Friday, June 3, 2011

Spectacular Sun-Dried Tomato Pasta Sauce

I found this super-hearty, intensely-flavored, crock pot pasta sauce in the April/May edition of Taste of Home magazine.

Most crock pot recipes are simple "dump and cover" recipes. This one is a little different. It requires chopping and browning and lots of ingredients. While this sauce is not the typical, no-fuss, crock pot recipe the result is SO worth it! It's my new favorite spaghetti/pasta sauce recipe.

The recipe begins by browning bulk Italian sausage and ground beef (I used ground turkey) with onion, celery,  green pepper (which I omitted because I didn't have one) and garlic.

In between breaking up and stirring the browning meat, I readied the other ingredients. I began by measuring out the sun-dried tomatoes. I happen to really love sun-dried tomatoes. Traditionally, I stir them into cream sauces to intensify the overall flavor of a dish. This was the first time that I have used sun-dried tomatoes in a tomato-based sauce. I partially attribute the use of sun-dried tomatoes (and the addition of tomato paste) to the thick, concentrated tomato flavor that this sauce provides. You need 1 cup of the wrinkly, sun-tanned "fruits", not packed in oil. (Bonus: sun-dried tomatoes are less expensive when purchased this way).

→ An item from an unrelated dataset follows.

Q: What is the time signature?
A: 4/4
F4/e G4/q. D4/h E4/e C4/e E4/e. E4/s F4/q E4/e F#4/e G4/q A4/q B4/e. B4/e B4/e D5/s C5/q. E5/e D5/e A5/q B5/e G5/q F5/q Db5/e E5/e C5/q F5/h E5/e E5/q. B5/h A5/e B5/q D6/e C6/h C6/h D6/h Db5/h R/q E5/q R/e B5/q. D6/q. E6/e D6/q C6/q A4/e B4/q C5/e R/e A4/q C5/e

I added the sun-dried tomatoes, (snipped into little pieces with kitchen scissors), minced fresh parsley, rosemary, a bay leaf, salt, and pepper to the bottom of my crock pot.

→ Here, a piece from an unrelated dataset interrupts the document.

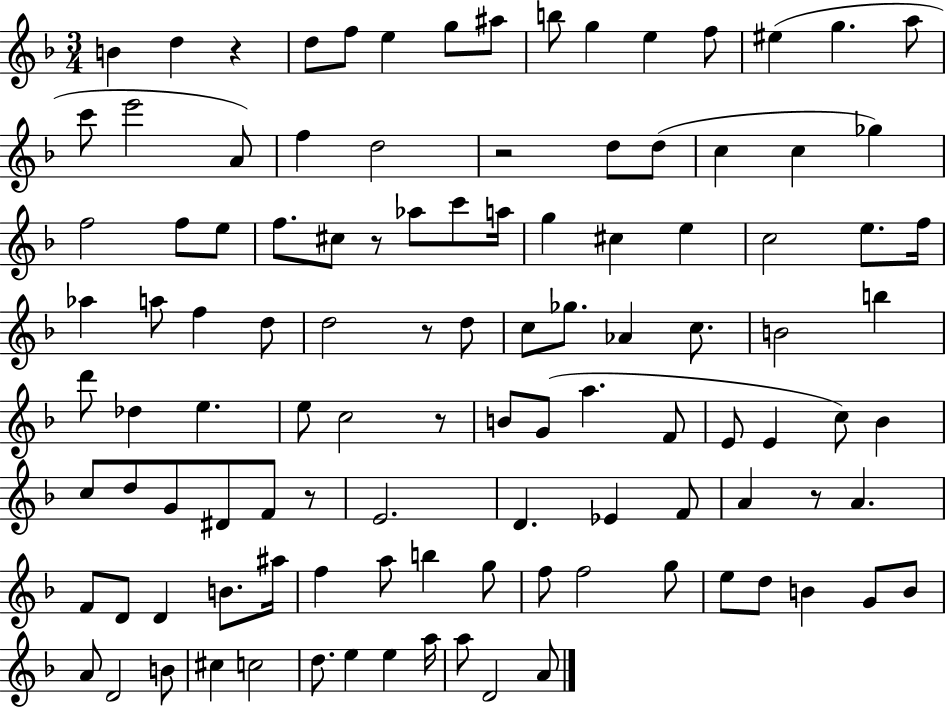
B4/q D5/q R/q D5/e F5/e E5/q G5/e A#5/e B5/e G5/q E5/q F5/e EIS5/q G5/q. A5/e C6/e E6/h A4/e F5/q D5/h R/h D5/e D5/e C5/q C5/q Gb5/q F5/h F5/e E5/e F5/e. C#5/e R/e Ab5/e C6/e A5/s G5/q C#5/q E5/q C5/h E5/e. F5/s Ab5/q A5/e F5/q D5/e D5/h R/e D5/e C5/e Gb5/e. Ab4/q C5/e. B4/h B5/q D6/e Db5/q E5/q. E5/e C5/h R/e B4/e G4/e A5/q. F4/e E4/e E4/q C5/e Bb4/q C5/e D5/e G4/e D#4/e F4/e R/e E4/h. D4/q. Eb4/q F4/e A4/q R/e A4/q. F4/e D4/e D4/q B4/e. A#5/s F5/q A5/e B5/q G5/e F5/e F5/h G5/e E5/e D5/e B4/q G4/e B4/e A4/e D4/h B4/e C#5/q C5/h D5/e. E5/q E5/q A5/s A5/e D4/h A4/e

After adding the sausage mixture to the sun-dried tomatoes and herbs, I also dumped in diced tomatoes, tomato paste, and chopped marinated artichoke hearts.

*The recipe calls for 3 cans of diced tomatoes. Usually I keep my pantry stocked with diced tomatoes as they are such a recipe staple. However, when it came time to assemble this recipe, I could only find one can of "plain" diced tomatoes. Not in the mood to run to the store, I substituted a can of mild Rotel diced tomatoes (with green chilies) for one of the missing cans, then I measured an equal amount of prepared spaghetti sauce (also from a jar) to replace the final can. So my recipe would read: I can diced tomatoes, 1 can Rotel diced tomatoes with green chilies and 1-14.5 oz can of spaghetti sauce.

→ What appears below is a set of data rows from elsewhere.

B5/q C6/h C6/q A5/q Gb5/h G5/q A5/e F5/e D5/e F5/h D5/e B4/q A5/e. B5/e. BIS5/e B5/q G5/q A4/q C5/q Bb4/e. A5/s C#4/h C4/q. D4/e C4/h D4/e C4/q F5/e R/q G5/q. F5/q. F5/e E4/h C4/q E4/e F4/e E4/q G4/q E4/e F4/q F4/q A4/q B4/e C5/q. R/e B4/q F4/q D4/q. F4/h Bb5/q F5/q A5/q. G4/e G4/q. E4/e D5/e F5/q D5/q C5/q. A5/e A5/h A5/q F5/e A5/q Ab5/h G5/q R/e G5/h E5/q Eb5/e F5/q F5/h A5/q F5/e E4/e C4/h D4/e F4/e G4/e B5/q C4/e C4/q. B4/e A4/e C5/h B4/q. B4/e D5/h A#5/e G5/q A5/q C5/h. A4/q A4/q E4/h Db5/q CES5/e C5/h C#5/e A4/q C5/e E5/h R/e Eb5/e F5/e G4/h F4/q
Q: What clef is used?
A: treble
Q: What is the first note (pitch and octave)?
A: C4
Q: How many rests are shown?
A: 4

I also substituted plain tomato paste for the recommended Italian tomato paste. I added a teaspoon or more of Italian seasoning from my spice rack to make up for the missing Italian flavor in the tomato paste.

When all of the ingredients were stirred together in the crock pot, the recipe instructed to put on the lid and cook on LOW for 8-10 hours. Mine did NOT cook for this long. At around 6 hours, I checked on the sauce and realized that it was burning at the bottom and around the edges. And not just a little of the sauce were black and stuck to the bottom of my slow cooker. I turned off the crock pot and scraped the bulk of the sauce away from the burned parts (discarding the charred stuff, of course). When it was time to serve dinner, I simply re-heated the sauce. From my experience, every slow cooker is a little bit different (for instance, mine always cooks a little bit fast), so if it's possible, check your sauce around the 4-5 hour mark. 

This makes a super thick sauce (as you can probably tell from the picture below). Nothing at all like spaghetti sauce from the jar...

Because the sauce was so thick and rich, I decided to give it a larger surface to stick to. I went with a wide egg noodle instead of spaghetti. The big noodles provided more surface area to accommodate the hearty sauce...

Before serving, I sprinkled mine with a bit of Parmesan cheese. Honestly, the flavor of this sauce is so satisfying, it does not need the aid of cheese. But I'm a creature of habit...

Here's a shot that I took after I "trashed" my pasta by tossing it around with the sauce and had taken a few bites. The robust sauce clings to each noodle and is certainly "hearty". It definitely doesn't leave you wanting for anything more, including flavor and/or substance. This is a pasta sauce that will fill you up and leave you completely satisfied. Unlike many of the watery spaghetti sauces from a jar (where you feel like you can still eat dessert after or crave a snack a few hours later)...this sauce is sure to carry you through til' breakfast the next day!

This recipe made more than enough for my family of 4 (with 2 small children). I froze half for another meal and we still had leftovers!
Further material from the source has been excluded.